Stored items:
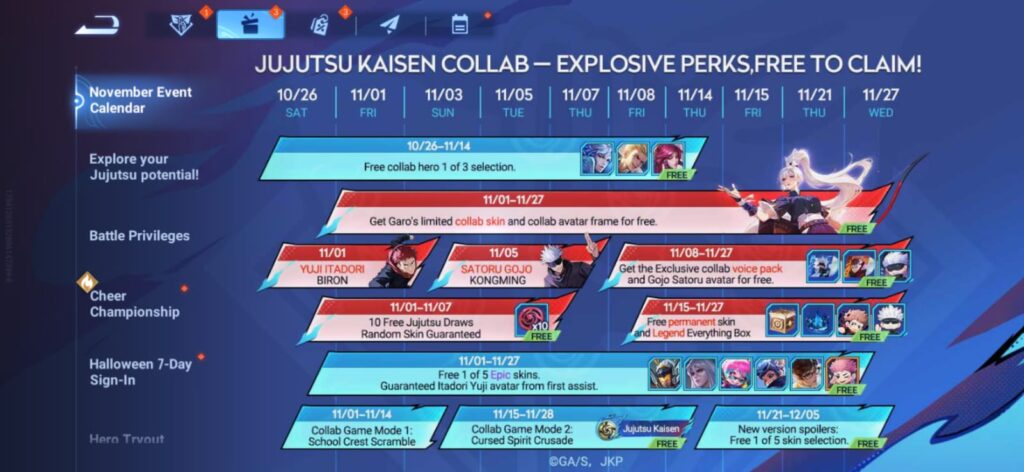 Collaboration calendar highlights a full month Jujutsu Kaisen-themed events on November 2024.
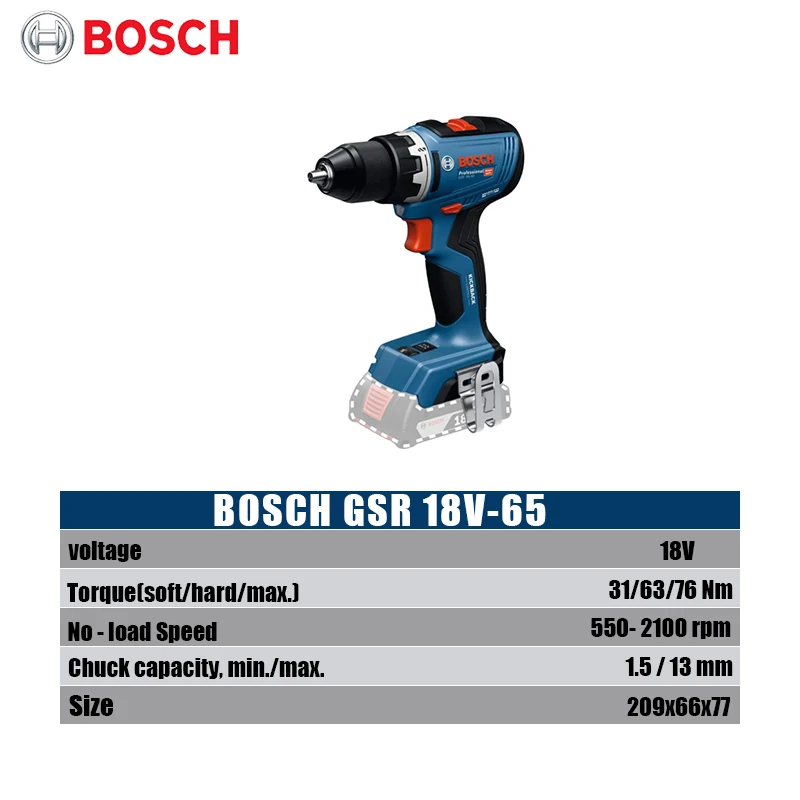 Bosch GSR 18V-65 Brushless Ele - Power Tools Woodworking ulasan dan harga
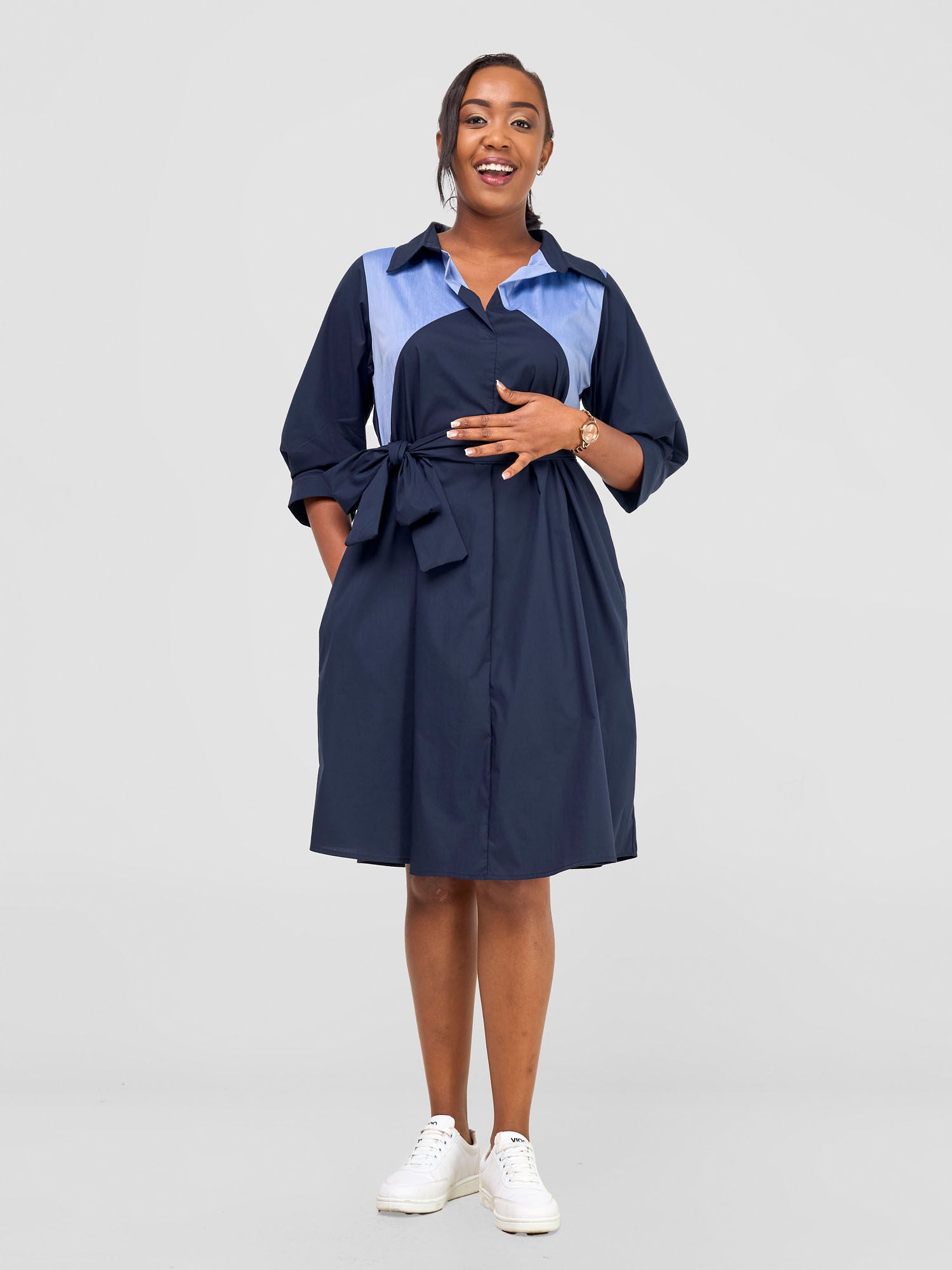 Safari Lira Front Panelled Shirt Dress - Navy / Blue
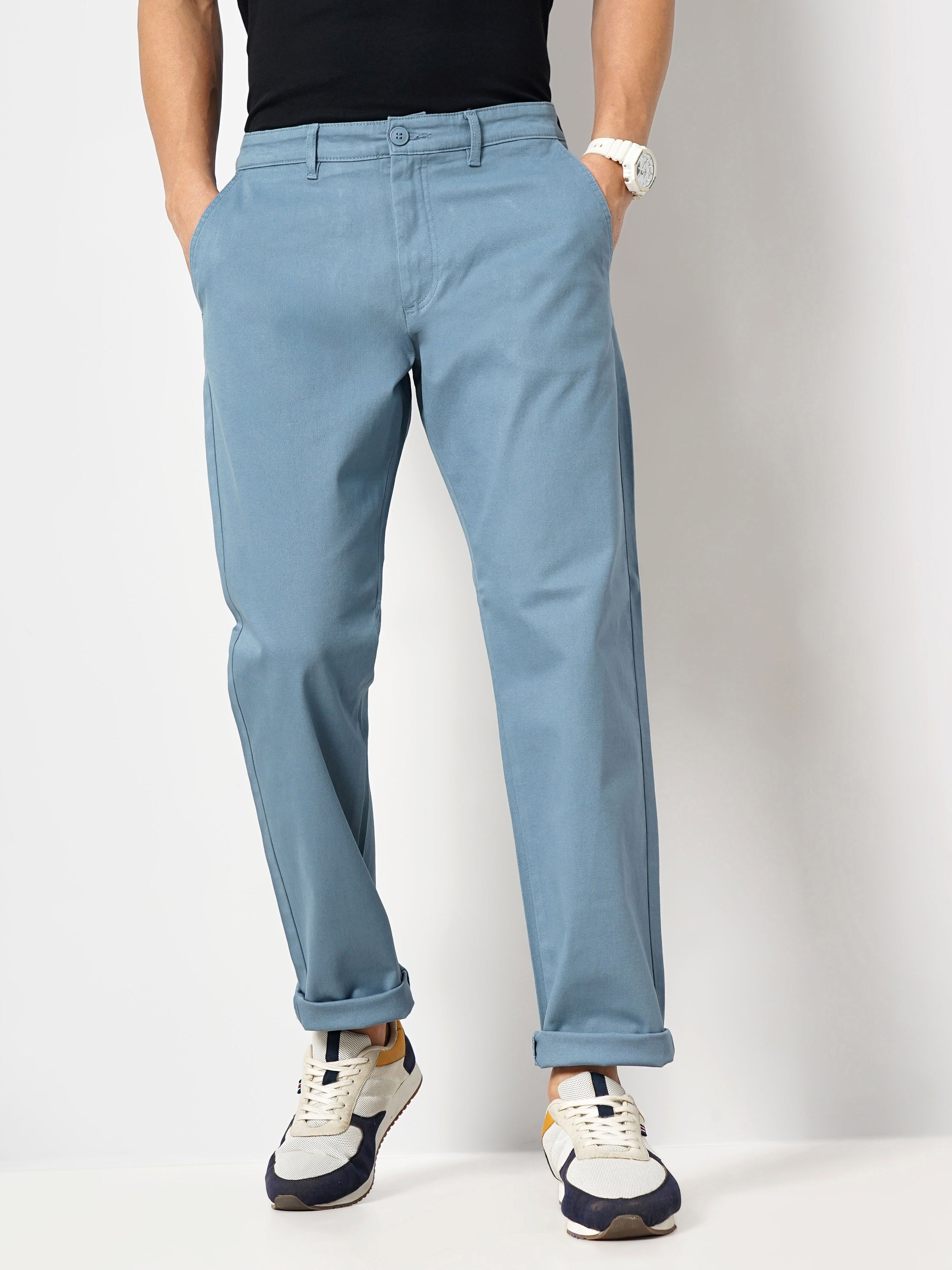 Blue Straight Fit Trousers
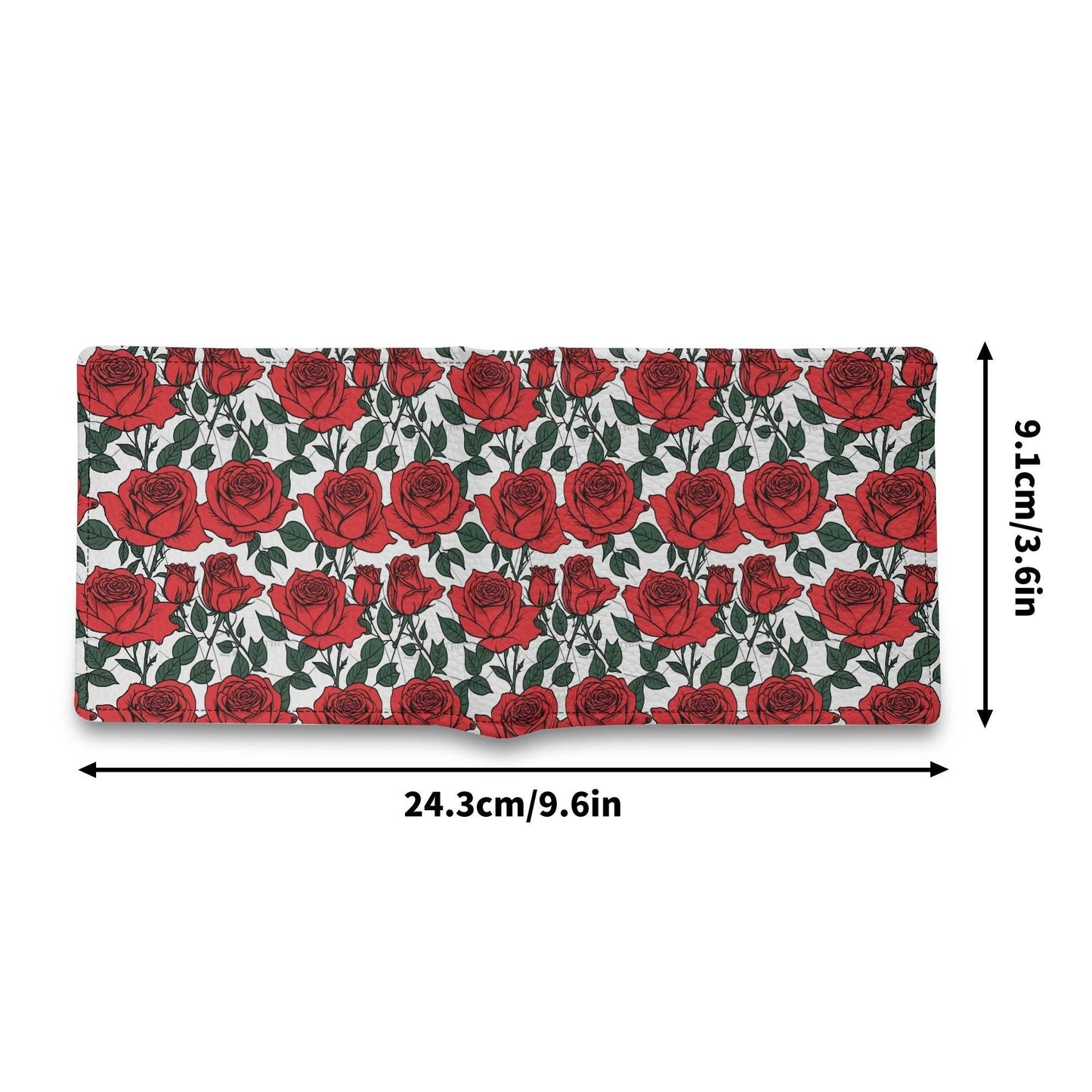 Red Leafy Roses Men's Leather Folded Wallet - DeRose Seasonal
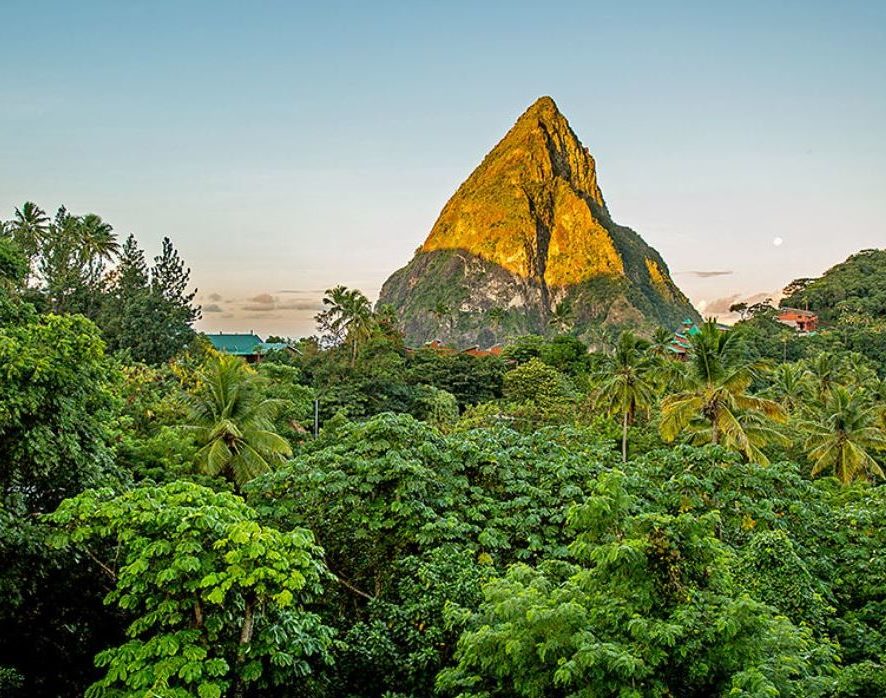 View of Piton Peaks from Rabot Estate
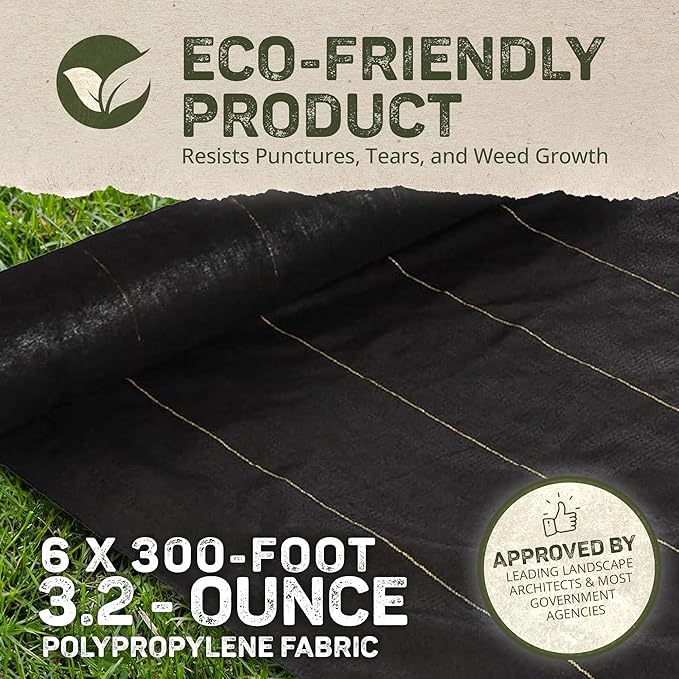Dewitt 2-Pack Sunbelt Weed Barrier Fabric 3.2 oz, 6 x 300 Feet – Heavy-Duty Ground Cover Mat for Greenhouse Floors, Garden Rows, Raised Beds, Yard Gardening, and Outdoor Landscape Protection
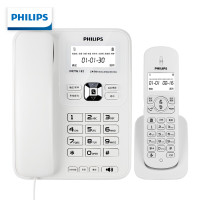 飞利浦(Philips) 电话机无线座机 子母机办公家用可扩展子机中文菜单双免提白色 DCTG182 jh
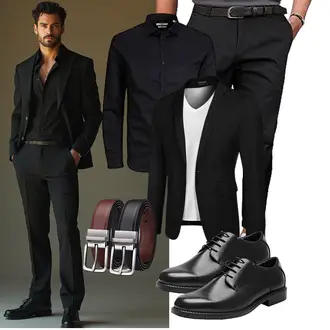 Business Outfits Moderne mit Schwarz/Dunkelgrau/Khaki Meilicloth, Schwarz/Dunkelblau Hemdbluse/Businesshemd/Business Hemd Jack & Jones, Schwarz/Weiß COOFANDY "Business Outfit"Look: Casual, Elegant, Rap, Schlichte, Stil, Smart Casual, Coole, Schön, Moderne, Old Money, Büro, Business, Edel, Workwear, Unisex, Classic, Sportlich, Empire, Schick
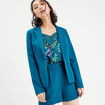 Veste blazer droite bleu canard femme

* PROMPT:
In your copy of the records above, include no pictures and match every line exactly.

* TASK RESPONSE:
 Collaboration calendar highlights a full month Jujutsu Kaisen-themed events on November 2024.
 Bosch GSR 18V-65 Brushless Ele - Power Tools Woodworking ulasan dan harga
 Safari Lira Front Panelled Shirt Dress - Navy / Blue
 Blue Straight Fit Trousers
 Red Leafy Roses Men's Leather Folded Wallet - DeRose Seasonal
 View of Piton Peaks from Rabot Estate
Dewitt 2-Pack Sunbelt Weed Barrier Fabric 3.2 oz, 6 x 300 Feet – Heavy-Duty Ground Cover Mat for Greenhouse Floors, Garden Rows, Raised Beds, Yard Gardening, and Outdoor Landscape Protection
 飞利浦(Philips) 电话机无线座机 子母机办公家用可扩展子机中文菜单双免提白色 DCTG182 jh
 Business Outfits Moderne mit Schwarz/Dunkelgrau/Khaki Meilicloth, Schwarz/Dunkelblau Hemdbluse/Businesshemd/Business Hemd Jack & Jones, Schwarz/Weiß COOFANDY "Business Outfit"Look: Casual, Elegant, Rap, Schlichte, Stil, Smart Casual, Coole, Schön, Moderne, Old Money, Büro, Business, Edel, Workwear, Unisex, Classic, Sportlich, Empire, Schick
 Veste blazer droite bleu canard femme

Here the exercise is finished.